Trabzonspor için bu hafta itibarıyla çok kritik bir süreç başlamıştı. Zor dört deplasman ve sahasında ligin zirvesini şekillendirecek Başakşehirspor karşılaşması vardı menüde.
Tökezlemek istemeyeceğiniz bir korku tüneli gibi. Ama ilk darbeyi aldı Karadeniz ekibi.
Son söyleyeceğimi baştan yazayım. Sörloth bu takımın yarısı. Akıllı teknik adamlar Norveçli’ye önlem alırsa, en etkili silahını kaybedersin.
Gaziantepspor teknik direktörü Sumudica, cezası nedeniyle tribünde olsa da, rakibi iyi analiz etmiş, öğrencileri dersine iyi çalışmıştı.
Şifre “Sörloth” olunca, doksan dakika başına iki adam dikersen sorunu çözersin. Einstein olmana gerek yok.
Peki, B planı var mıydı Trabzonspor’un? Hüseyin hoca bu konuda bir strateji geliştirmiş miydi?
Gördük ki hayır! Teknik direktör meziyeti bu tarz maçlarda ortaya çıkar. Hoca üzerine katacaksa, daha fazla kafa soracak saha içine!
Sörloth etkisiz ise Nwakaeme devreye girer. Ekuban daha fazla pasla beslenir, pozisyon alır. Sosa duran topları etkili kullanır.
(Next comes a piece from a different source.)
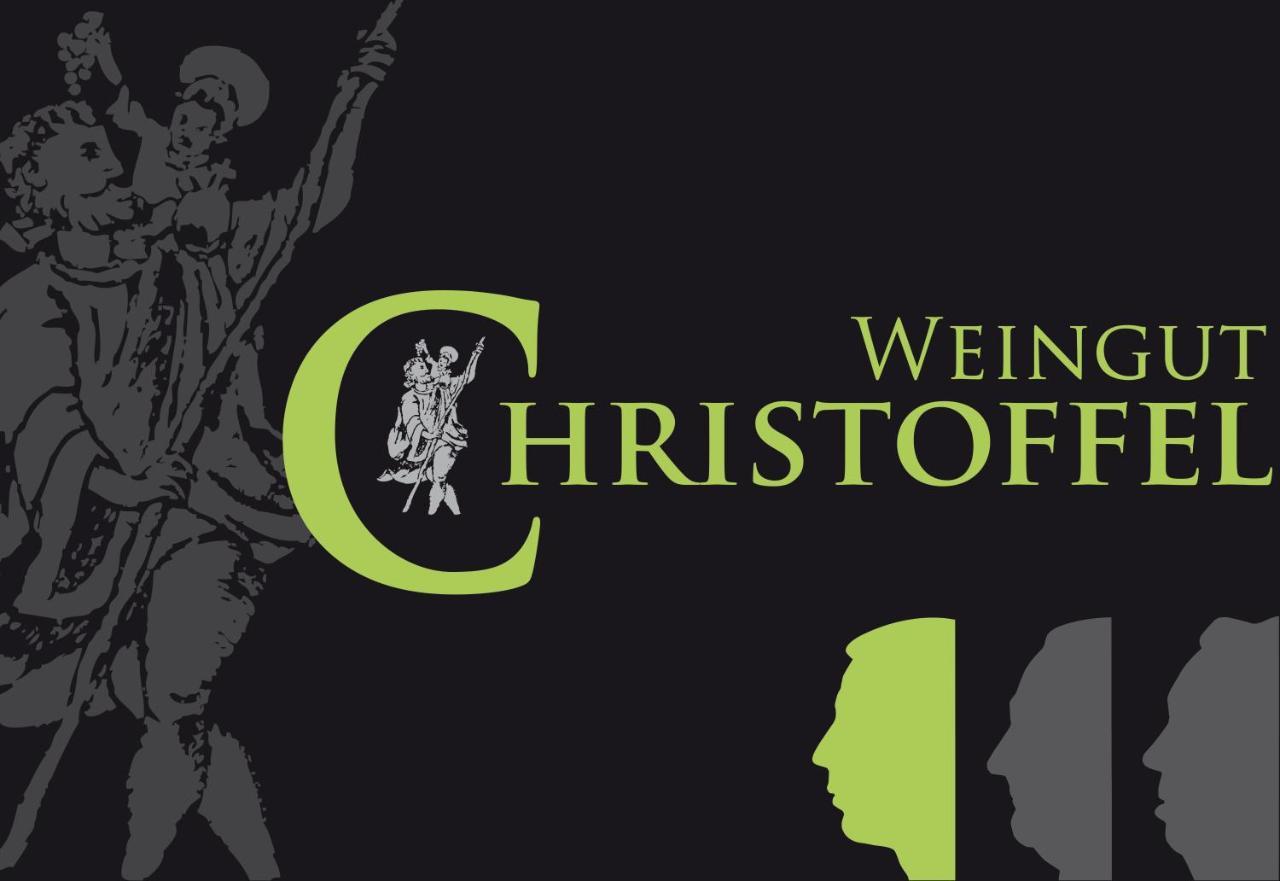Weingut Christoffel Lägenhet Kövenig Exteriör bild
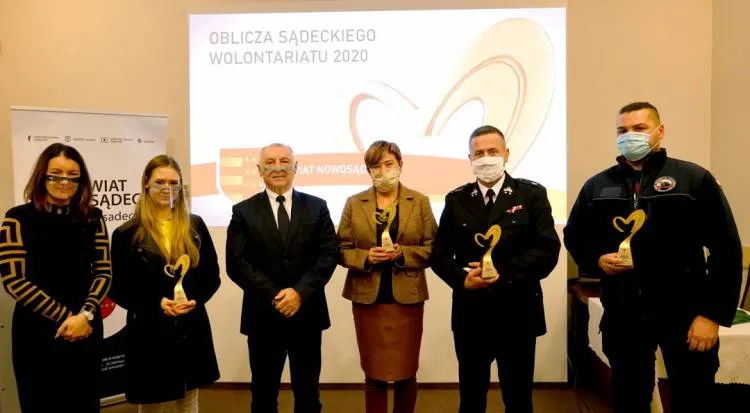 Starosta nagrodził najlepszych wolontariuszy i organizacje pozarządowe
Ndiaye kilit çözücü olur.
Hangisini yapabildi Trabzonspor? Şu sorulara doğru yanıt bulamazsanız, yarınlarınız sıkıntıya girer.
Yarısını Kamil Ahmet’e diğer bölümünü Ekuban’a yazdığım golün dışında, ofansif yönüyle güçlü olduğu söynenen Trabzonspor, VAR’a gideren Halis Özkahya’nın izleyip iptal ettiği son dakika pozisyonu dışında, kazanmak için ne yaptı?
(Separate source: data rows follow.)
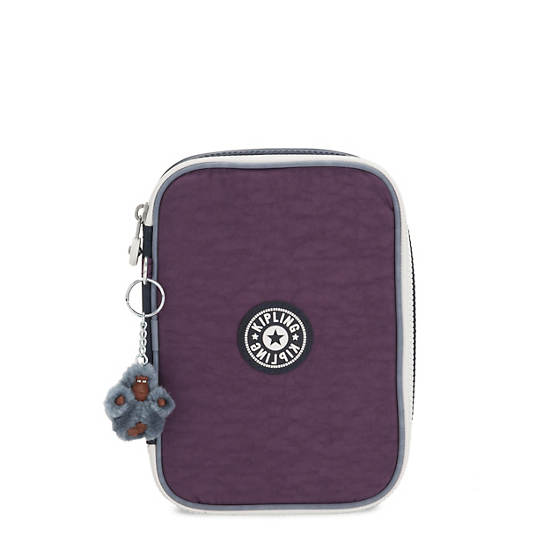Buy Kipling Bags Online At Best Prices In India - 100 Pens Iconic Case  Purple Candy Block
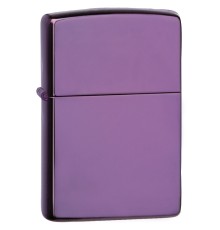Зажигалка ZIPPO Classic с покрытием Abyss™, латунь/сталь, фиолетовая, глянцевая, 38x13x57 мм
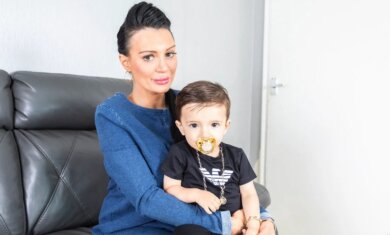 “Tudo o que meu bebê pede eu dou”, diz Kasey Akram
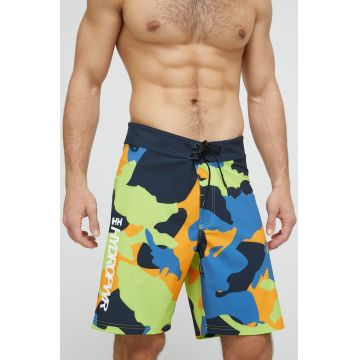 Helly Hansen pantaloni scurti de baie culoarea verde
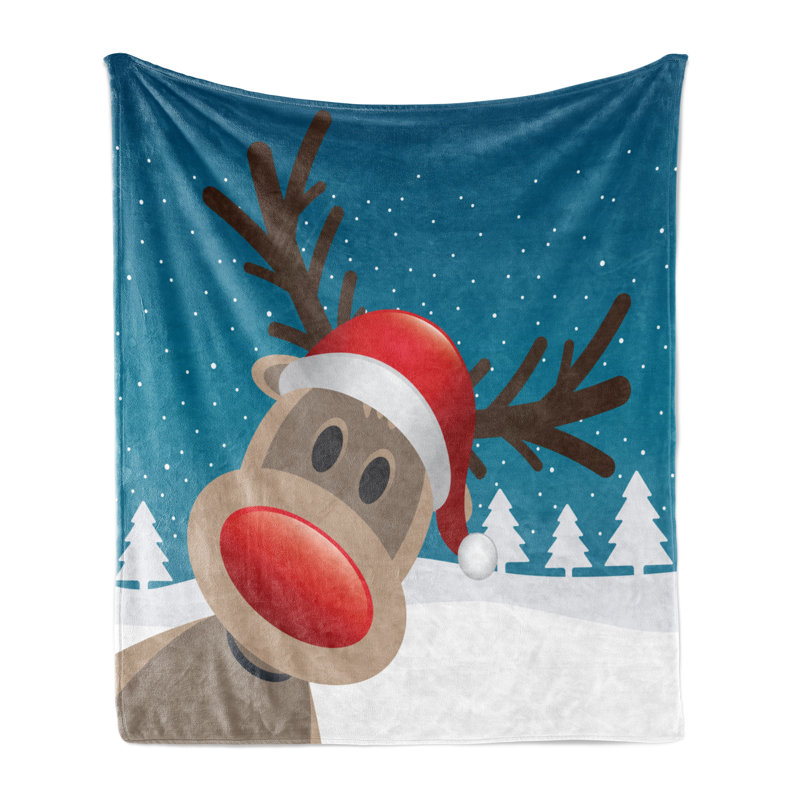 Hand Woven Throw Blanket, 70" x 90"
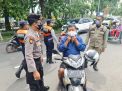 Polres Pelabuhan Tanjung Perak Laksanakan Operasi Yustisi Skala Besar, Tindak Tegas Pelanggar Protokol Kesehatan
Trabzonspor’un kötü oynayıp kazandığı maçlarda testinin kırılmaması için uyarıda bulunurken, bugünlere işaret ediyorduk. Ama birileri gerçekleri görmezden geliyordu. İllaki tekere çomak girecekti, girdi.
İki puan yitirmek, yarışın dışında kalmak değil elbette. Ancak yanlışları tespit edip önlem almak şart. Bu da Hüseyin Çimşir’in görevi.
Kim iyi, kimler kötü idi diye sormak maçın genelinde doğru bir saptama olmaz. Bana göre kazanmayı daha çok isteyen Gaziantepspor’un galibiyetini engelleyen yine kaleci Uğurcan oldu. Yediği golde hatası yoktu, kurtardıkları puan getirdi.
Topa daha çok sahip olmak meziyet değil. Geçin istatistikleri, rakamlar karın doyurmuyor. Doğru oyuncu tercihleri önemli. Hazır bir Abdülkadir Ömür’ün kulübede başlaması, eli belinde dolaşan Obi Mikel’in sahada olması sorgulanmalı. Neden bu ısrar? Veya galibiyet istiyorsanız, Ekuban neden oyundan çıkar?
Ucunu kaçırırsanız, gerisi çorap söküğü gibi gelir. Aman dikkat Hüseyin hocam!